Setelah pecah G30S-PKI, Pramoedya yang anggota Lembaga Kebudayaan Rakyat -
onderbouw Partai Komunis Indonesia - ditangkap dan dibuang ke Pulau Buru
sampai tahun 1979. Siksaan dan kekerasan adalah bagian hari-harinya di
tahanan dan terpaksa kehilangan sebagian pendengarannya, karena kepalanya
dihajar popor bedil.
Setelah bebas pun, Pramoedya dijadikan tahanan rumah dan masih menjalani
wajib lapor setiap minggu di instansi militer. Meskipun ia sudah ‘bebas’,
hak-hak sipilnya terus dibrangus, dan buku-bukunya banyak yang dilarang
beredar terutama di era Soeharto. Pemerintah telah mengambil tahun-tahun
terbaik dalam hidupnya, pendengarannya, papernya, rumahnya dan
tulisan-tulisannya.
Ia dilahirkan di Blora, Jawa Tengah, 6 Februari 1925 oleh seorang ibu yang
memberikan pengaruh kuat dalam pertumbuhannya sebagai individu. Pramoedya
mengatakan bahwa semua yang tertulis dalam bukunya teinspirasi oleh
ibunya. Karakter kuat seorang perempuan dalam karangan fiksinya didasarkan
pada ibunya, “seorang pribadi yang tak ternilai, api yang menyala begitu
terang tanpa meninggalkan abu sedikitpun’. Ketika Pramoedya melihat
kembali ke masa lalu, ia melihat “revolusi Indonesia diwujudkan dalam
bentuk tubuh perempuan – ibunya. Meskipun karakter ibunya kuat, fisik
ibunya menjadi lemah karena TBC dan meninggal pada umur 34 tahun, waktu
itu Pramoedya masih berumur 17 tahun.
Setelah ibunya meninggal, Pramoedya dan adiknya meninggalkan rumah
keluarga lalu menetap di Jakarta. Pramoedya masuk ke Radio Vakschool, di
sini ia dilatih menjadi operator radio yang ia ikuti hingga selesai, namun
ketika Jepang datang menduduki, ia tidak pernah menerima sertifikat
kelulusannya. Pramoedya bersekolah hingga kelas 2 di Taman Dewasa, sambil
bekerja di Kantor Berita Jepang Domei. Ia belajar mengetik lalu bekerja
sebagai stenografer, lalu jurnalis.
Ketika tentara Indonesia berperang melawan koloni Belanda, tahun 1945 ia
bergabung dengan para nasionalis, bekerja di sebuah radio dan membuat
sebuah majalah berbahasa Indonesia sebelum ia akhirnya ditangkap dan
ditahan oleh Belanda tahun 1947. Ia menulis novel pertamanya, Perburuan
(1950), selama dua tahun di penjara Belanda (1947-1949).
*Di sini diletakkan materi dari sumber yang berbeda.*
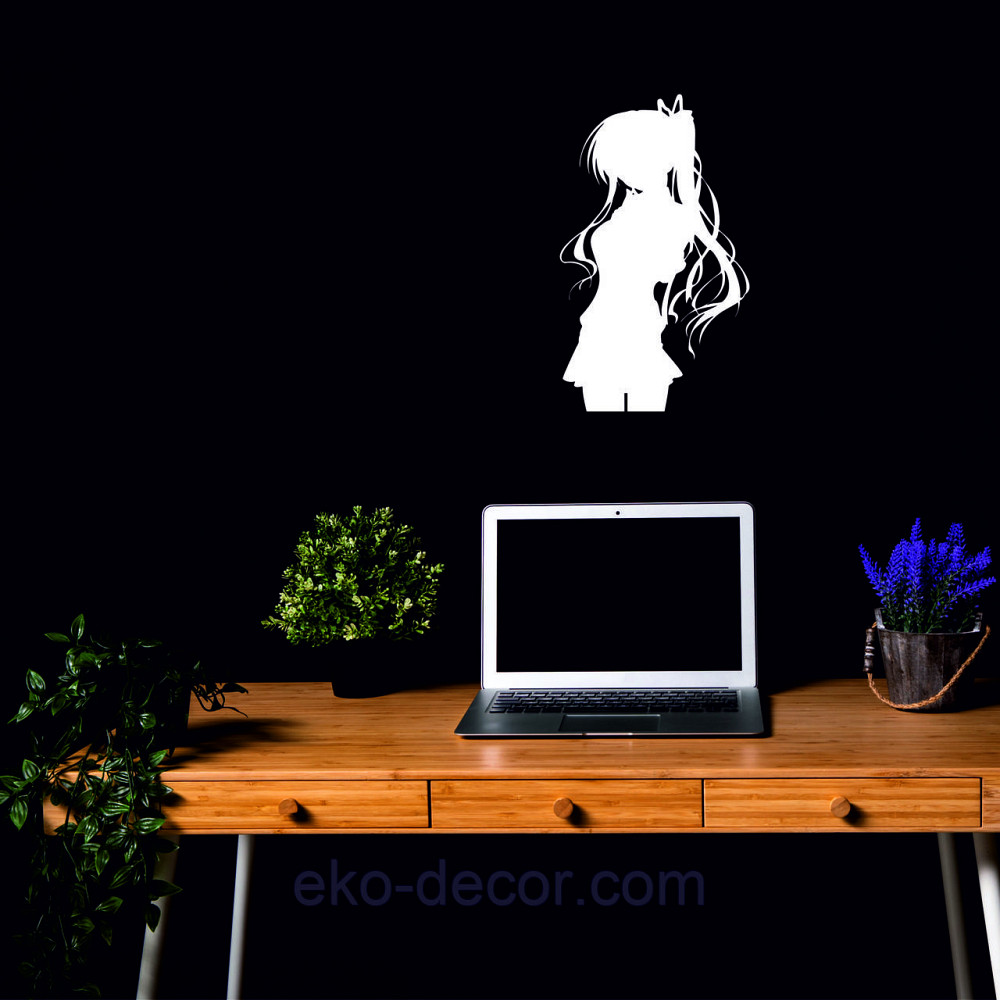 Декоративне настінне Панно «Дівчина» Декор на стіну 70*41 см, Білий Київ - фото 7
Setelah Indonesia merdeka, tahun 1949, Pramoedya menghasilkan beberapa
novel dan cerita singkat yang membangun reputasinya. Novel Keluarga
Gerilya (1950) menceritakan sejarah tentang konsekuensi tragis dari
menduanya simpati politik dalam keluarga Jawa selama revolusi melawan
pemerintahan Belanda.
Cerita-cerita singkat yang dikumpulkan dalam Subuh (1950) dan Pertjikan
Revolusi (1950) ditulis semasa revolusi, sementara Tjerita dari Blora
(1952) menggambarkan kehidupan daerah Jawa ketika Belanda masih
memerintah. Sketsa dalam Tjerita dari Djakarta (1957) menelaah ketegangan
dan ketidakadilan yang Pramoedya rasakan dalam masyarakat Indonesia
setelah merdeka. Dalam karya-karya awalnya ini, Pramoedya mengembangkan
gaya prosa yang kaya akan bahasa Jawa sehari-hari dan gambar-gambar dari
budaya Jawa Klasik.
Di awal tahun 50-an, ia bekerja sebagai editor di Departemen Literatur
Modern Balai Pustaka. Di akhir tahun 1950, Pramoedya bersimpati kepada
PKI, dan setelah tahun 1958 ia ditentang karena tulisan-tulisan dan kritik
kulturalnya yang berpandangan kiri. Tahun 1962, ia dekat dengan Lembaga
Kebudayaan Rakyat yang disponsori oleh PKI yang kemudian dicap sebagai
organisasi “onderbow” atau “mantel” PKI.
Di Lekra ia menjadi anggota pleno
lalu diangkat menjadi wakil ketua Lembaga Sastra, dan menjadi salah
seorang pendiri Akademi Multatuli, semua disponsori oleh LEKRA. Pramoedya
mengaku bangga mendapat kehormatan seperti itu, meskipun sekiranya Lekra
memang benar merupakan organisasi mantel PKI.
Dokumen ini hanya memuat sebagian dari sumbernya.